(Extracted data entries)
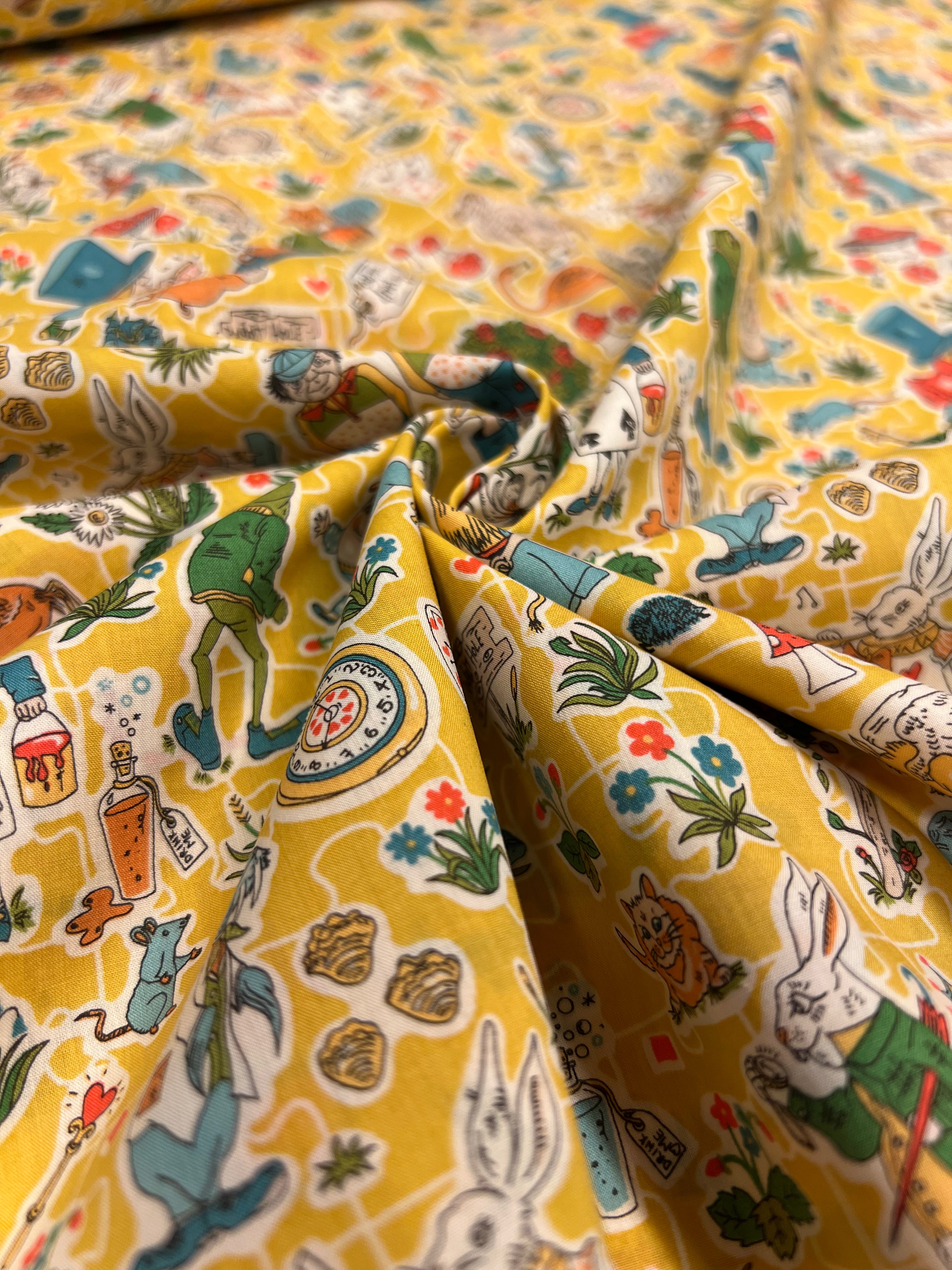 Alice In Fabricland - Katoen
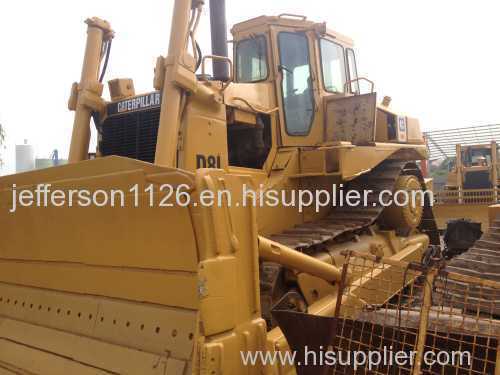 used condition D8L caterpillar bulldozer for sale good condition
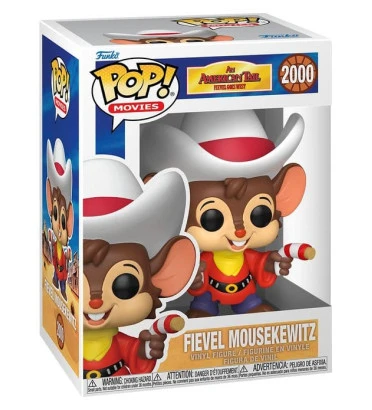 FIEVEL MOUSEKEWITZ / FIEVEL ET LE NOUVEAU MONDE / FIGURINE FUNKO POP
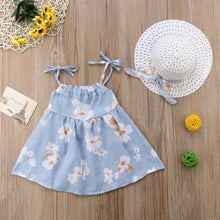 Load image into Gallery viewer, Sonya Dress with Sun Hat (Multiple Colors)

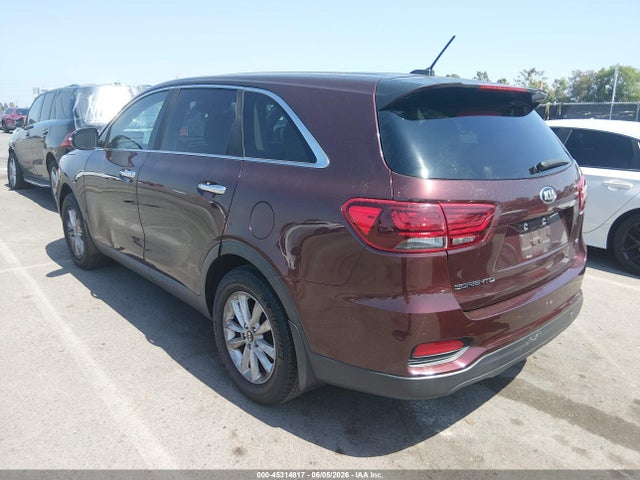 KIA Sorento 2.4l Lx 2019 5XYPG4A33KG537307 Image 3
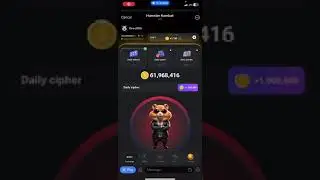 HAMSTER KOMBAT DAILY CIPHER FOR TODAY 27TH JUNE | 1M COINS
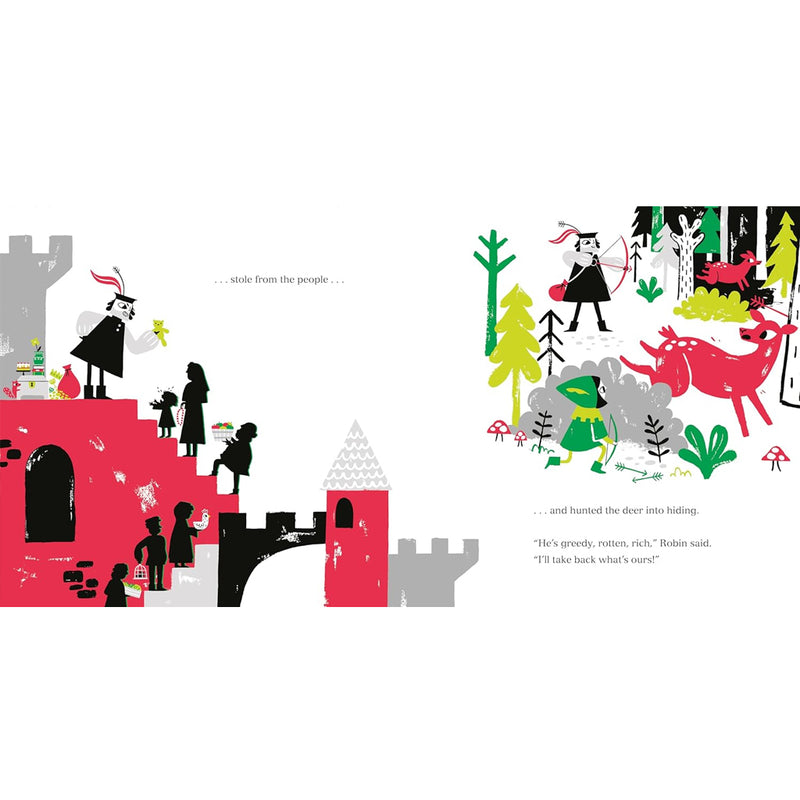 Robin Hood: A Forest Folktale for Little Rebels (Rebel Fairytales)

__Your objective__:
Would you please write out the entries in full, exactly as they read, but without pictures?

__Answer to this problem__:
 Alice In Fabricland - Katoen
 used condition D8L caterpillar bulldozer for sale good condition
 FIEVEL MOUSEKEWITZ / FIEVEL ET LE NOUVEAU MONDE / FIGURINE FUNKO POP
 Load image into Gallery viewer, Sonya Dress with Sun Hat (Multiple Colors)

 KIA Sorento 2.4l Lx 2019 5XYPG4A33KG537307 Image 3
 HAMSTER KOMBAT DAILY CIPHER FOR TODAY 27TH JUNE | 1M COINS
 Robin Hood: A Forest Folktale for Little Rebels (Rebel Fairytales)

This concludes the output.